## Requirement
Lines from the one with "Farming Pam Harvest Mod screenshot 4" to the end of the material, both included: print them exactly and print nothing else. Omit the pictures.

## Data excerpt
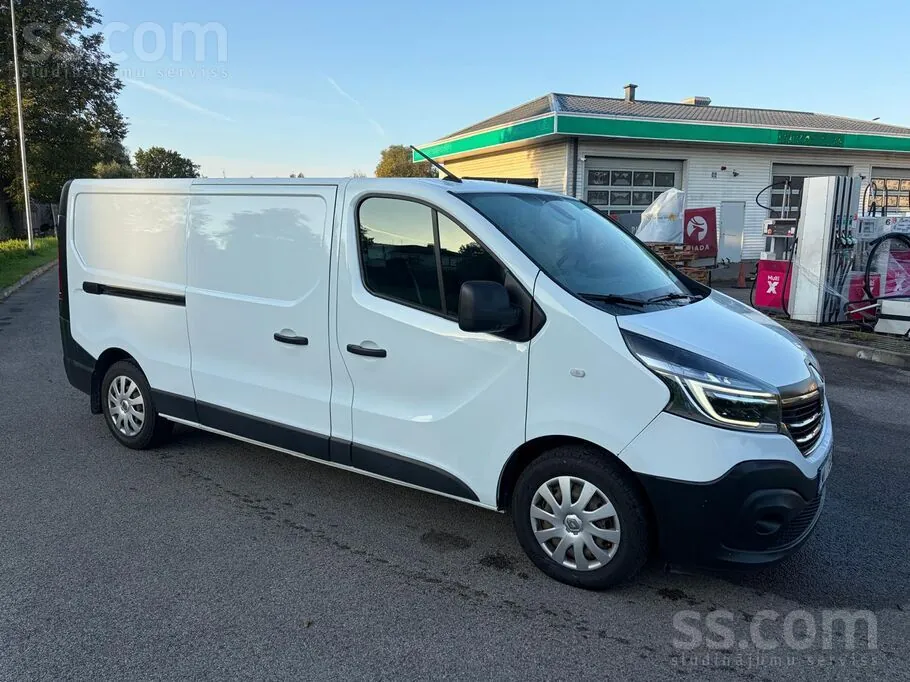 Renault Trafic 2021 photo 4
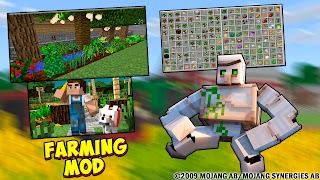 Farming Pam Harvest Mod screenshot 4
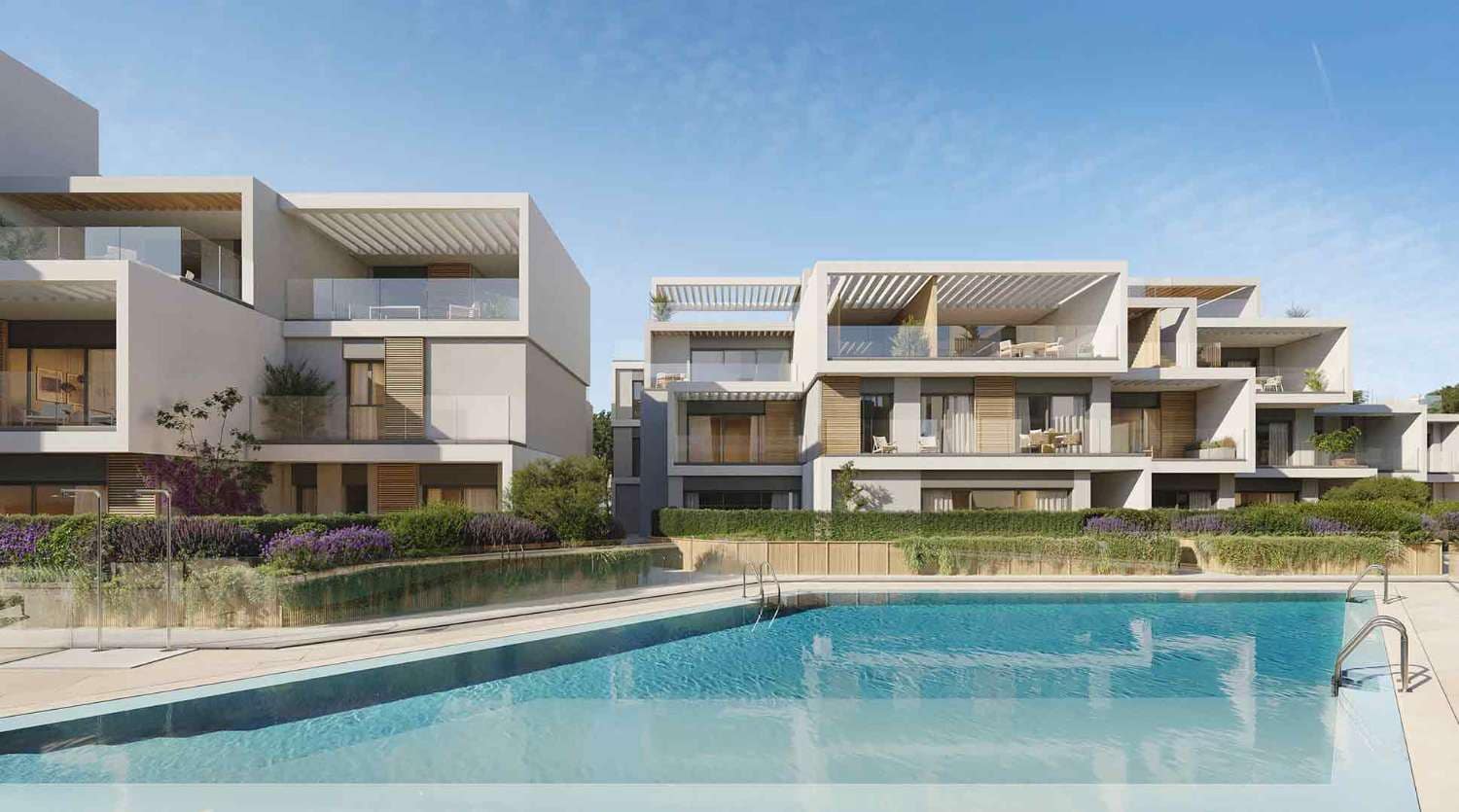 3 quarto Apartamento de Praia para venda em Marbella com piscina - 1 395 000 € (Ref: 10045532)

## Expected answer
 Farming Pam Harvest Mod screenshot 4
 3 quarto Apartamento de Praia para venda em Marbella com piscina - 1 395 000 € (Ref: 10045532)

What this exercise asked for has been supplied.